Why the Bridge Stopped Singing
“No, Joe Joey-oe makes six. Six dead since summer.”
“Maybe they’ll take us at the Gibson Street shelter.”
“Deader than dead, Joey. Broke his promise too.”
“I need a drink a hell of a lot more than a bed.”
“Me, I need food. Stomach is tight as a fist.”
“Someone stoke the fire. It’s fuckin’ cold.”
“This ain’t cold, Joe. Christmas is cold.”
“You want to check out the Colonel?”
“Dumpster biscuits. Side of slaw.”
“Valentine’s Day, Joey-oey.”
“What about it?”
“That’s cold.”
“Yeah.”
I stand next to them, listening silently. As long as I don’t say anything, they can’t see me. If I speak, there I am. But their conversation gutters like the fire and goes out and the quiet gets all creepycrawly so I stagger off into the darkness down the concrete embankment to the river to take a leak. The bridge sings to me as a truck passes over, stuck a feather in his cap and called it macaroni. My piss slaps heavily into the freezing water. I wave my dick at the EPA, zip, and turn left toward a sky full of mean stars. They get brighter in winter, bigger. Cold makes the air like a lens. At ten below stars can burn through a man’s eyes right into his brain—happened to me once. Downstream, there’s a giant’s comb washed up on the embankment. I slink over to it, trying to convince myself that it’s only a ladder with the side rail missing, that his footprints are just big smears of mud. If I don’t believe in him, see, he doesn’t exist. The wood is mostly dry so I decide to be a citizen and drag it up to the fire.
“You broke your promise, Joey-oey-oey-oe.” He swallows the dead man’s name, turning it into a yodel. “No Joey-noey-oey-oey-oe.” He has the voice for it, but no rhythm. Crazy as a chicken and chatting with his hallucinations. It’s a luxury I can’t afford because of the curse. My hallucinations can come true if I’m not careful. I break some teeth off the comb and toss them into the fire barrel.

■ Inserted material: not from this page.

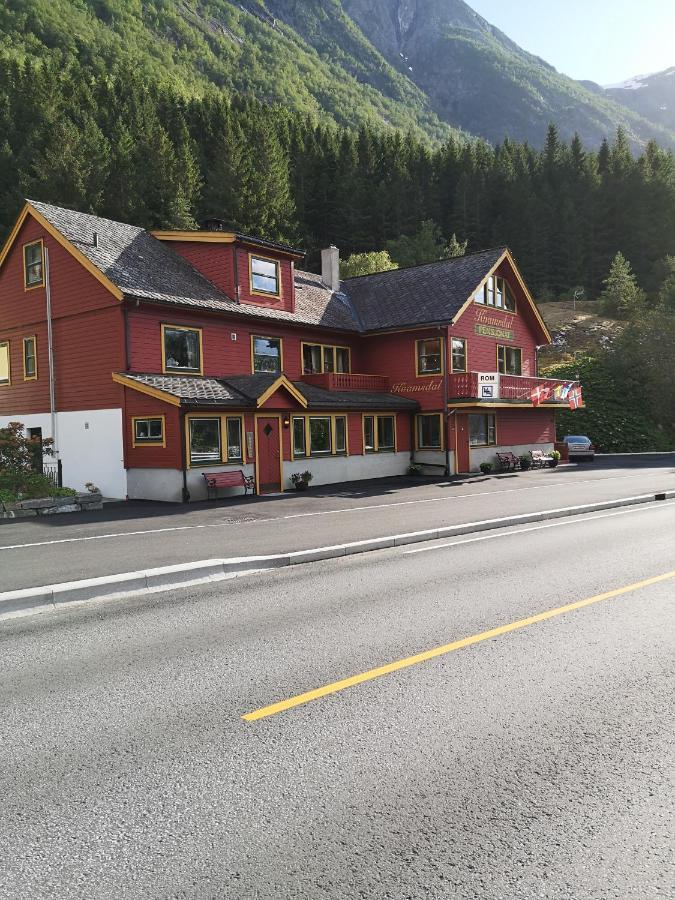 Kvamsdal Pensjonat 4 Eidfjord Exteriér fotografie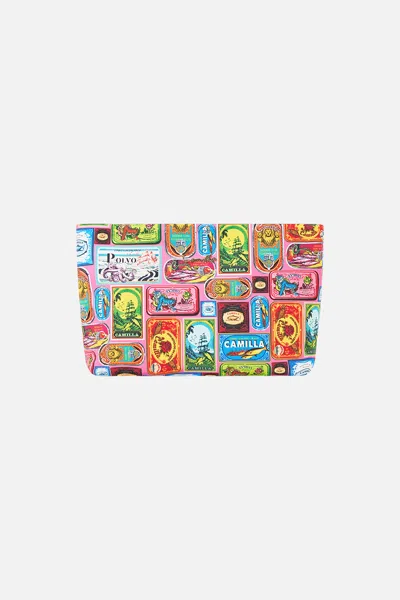 Camilla Small Makeup Clutch Salty Splendour In Pink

“No Joey-oey-noey-oey-oey-oey-no.”
“Hey Gene Autry, shut the fuck up.”
As flames lick out of the barrel, I eyeball them. Gene Autry is wrapped in a tarp beneath one of those easy-load shopping carts where the basket rides high and shallow. Two guys are lying together in a cardboard box with a picture of a computer desk on it. They’ve stuffed it with newspapers for warmth. Tape the ends, stick a $200 stamp on the box and we could mail them to Florida. Or North Dakota. A black guy is stretched out in the shadows that flutter like crows against the bridge abutment. Asleep or passed out, but not dead. He hasn’t shrunk like dead men do.
“Gene Autry?” says one of the box guys. “Is that what you called him? How old are you anyway?”
“Old enough to be fuckin’ president.”
“Joey-noey-oey-oey-no.”
“Listen, I gotta eat.”
“So eat.” The box shudders.
“Besides, you ain’t got shit to drink.”
“No.”
If that’s true, I can’t stay with them. If I don’t pour some alcohol on my imagination soon, the river could thicken to blood. Frogs might crawl up my pants.
“But Mags’ll have a bottle. Always does.”